I think that group 1 is wrong and also group 2 is wrong. The truth, in my vision, is in the middle, and my research focuses on this: trying to find a different modeling or trying to formally prove only part of A, or A but with some extra assumptions, and so on.
However, during the years, these two "factions" started to diverge more and more on opinions, to such an extent that the group 2 now always bases their claims on a couple of very controversial papers (which most people, including me, think are flawed). This way of reasoning of group 2 made most of the community (group 1) to believe that any research claiming A is just wrong (which is not true).
And then, there is me. Probably because I arrived at a later stage of this "discussion", I see things in a different manner: there is hope for A, but we need to recognize the limits of A and the fact that the state-of-the-art works on A have problems. However, when I submit a paper on this topic (from a position paper, to a super-technical paper), I very often get reviews like:
- From group 1: "A is a shitty thing", "Oh no, another paper on A", "This is not interesting for the community" *
- From group 2: "We already proved A, why we need this work?"
*These are textual transcripts of sentences in reviews of top conferences/journals.
And often these reviews are opinion-based and not fact-based, which make me very frustrated, because they don't criticize the work itself (formal proofs, etc.), but the topic.
Luckily, I have sometimes received reviews that really appreciate my work and some scientists have told me that my way is the right thing to do. However, publishing (especially in top journals and conferences) is very difficult in this way, because I always get at least some reviewers against me (in one sense or in the other, often both of them). Editors most of the time don't care about the controversial reviews, they just reject the paper.

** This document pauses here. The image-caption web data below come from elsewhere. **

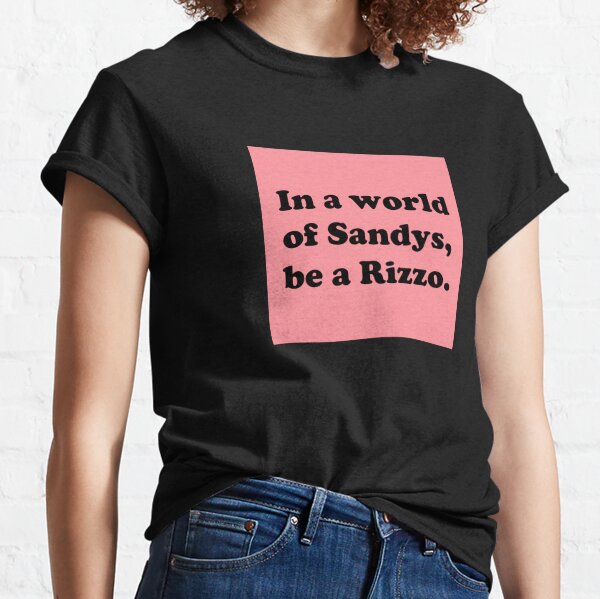 DingerApparel 44 Rizzo Women's T-Shirt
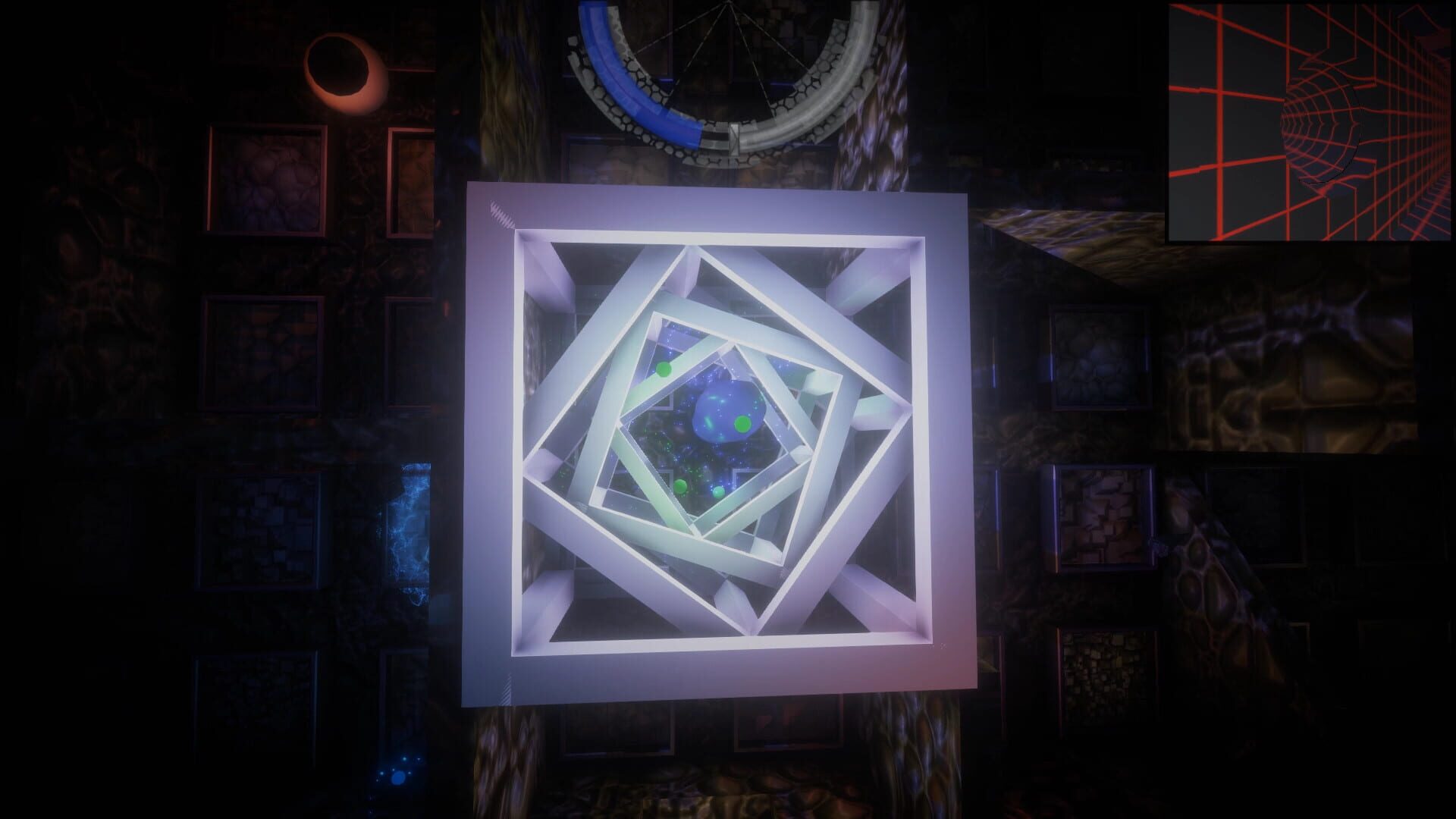 Screenshot for Luxar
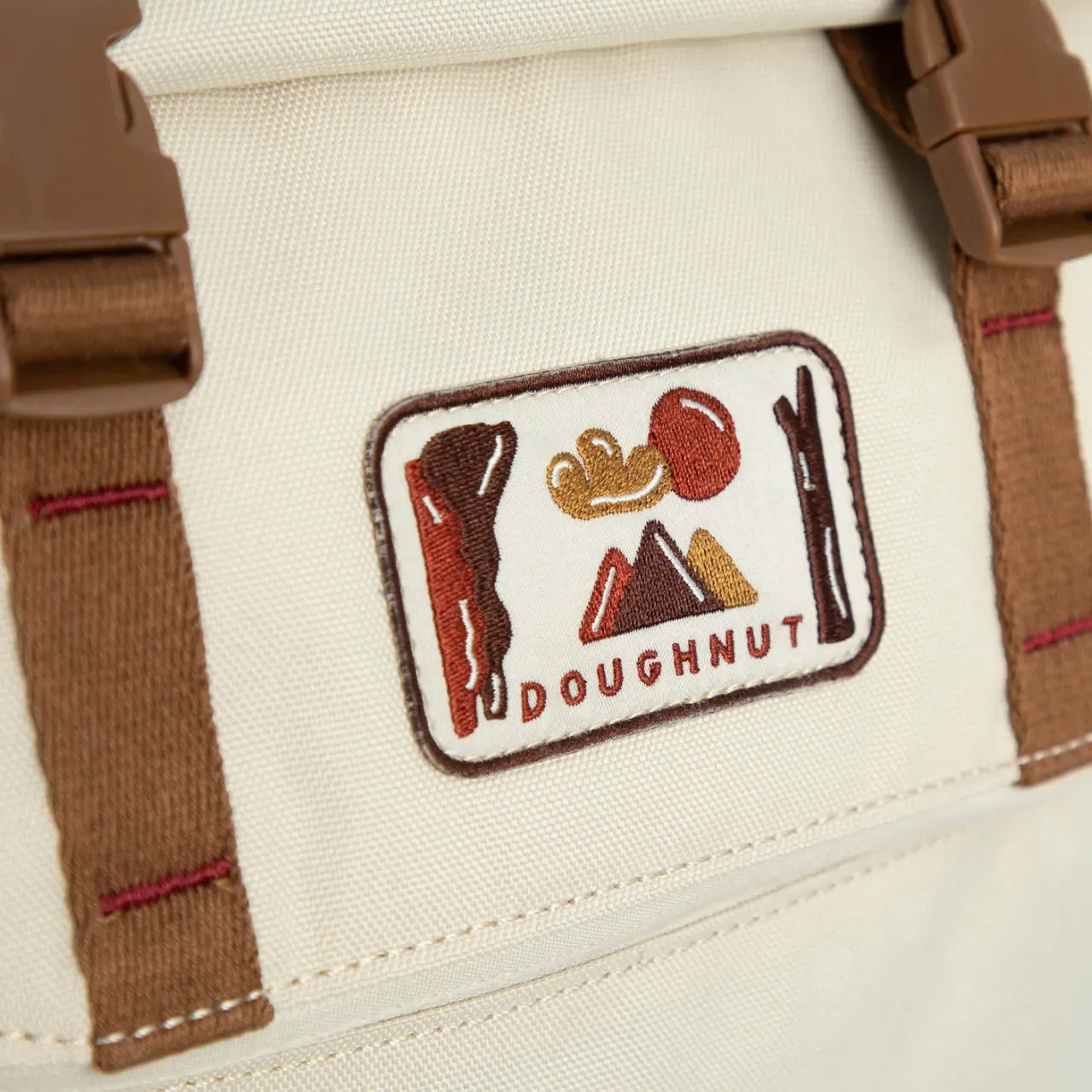 Christopher Small Dreamwalker Backpack Stone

What I'm doing now, for papers on A, is to publish in less-important journals or in journals not 100% on topic, but this reduces the visibility of my works (and unfortunately impact my career...). This makes me sad and I'm really thinking to abandon this topic. Getting a rejection is always frustrating, but getting many rejections based on opinions is really terrible...
I don't know if there is a solution or what I should do. For the pure research spirit, I may publish just on Arxiv or so, hoping that someone will notice them... but you know, an academic career requires you to publish, and to publish in good journals/conferences...
Any suggestions?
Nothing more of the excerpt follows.